Leaving out the images, return the data below exactly as it is written.
--- GIVEN MATERIAL Enclosed Below ---
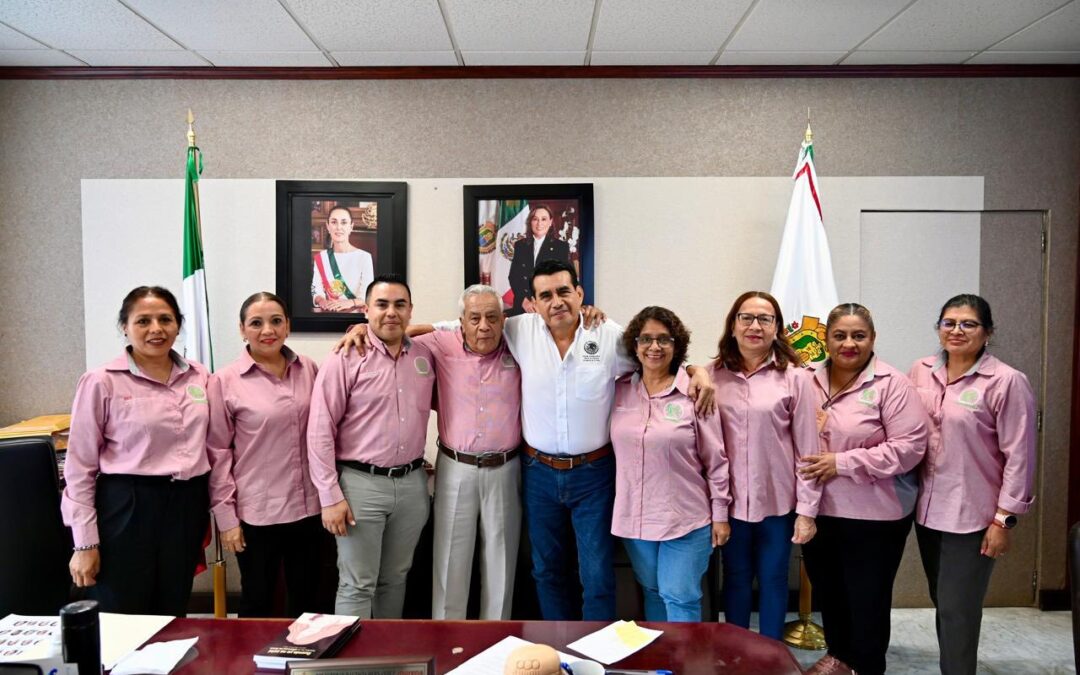 Logra diputado Esteban Bautista seguridad social para trabajadores del estado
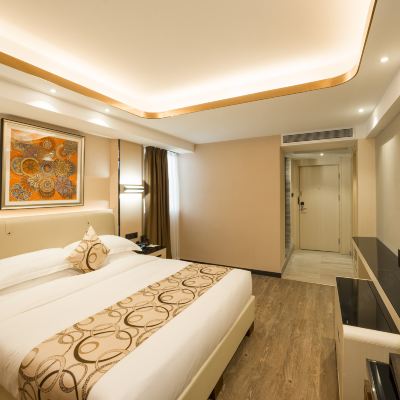 高級大床房（乾濕分離+小冰箱） 珠海拱北口岸香江維克酒店優惠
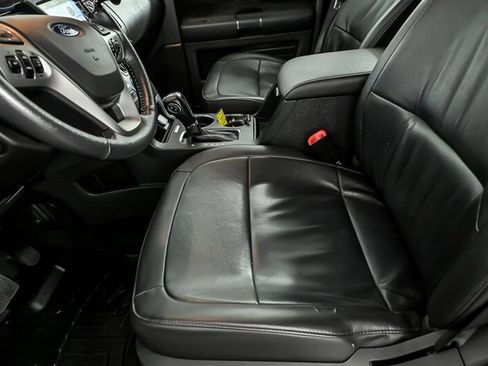 Used 2016 Ford Flex SEL w/ Equipment Group 202A FWD image 14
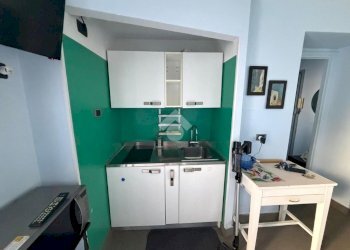 One-room apartment Via Fratelli Calandra, Torino (neighborhood Centro) - photo 3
--- End of Enclosed GIVEN MATERIAL ---
▸ **RESPONSE AREA**:
 Logra diputado Esteban Bautista seguridad social para trabajadores del estado
 高級大床房（乾濕分離+小冰箱） 珠海拱北口岸香江維克酒店優惠
 Used 2016 Ford Flex SEL w/ Equipment Group 202A FWD image 14
 One-room apartment Via Fratelli Calandra, Torino (neighborhood Centro) - photo 3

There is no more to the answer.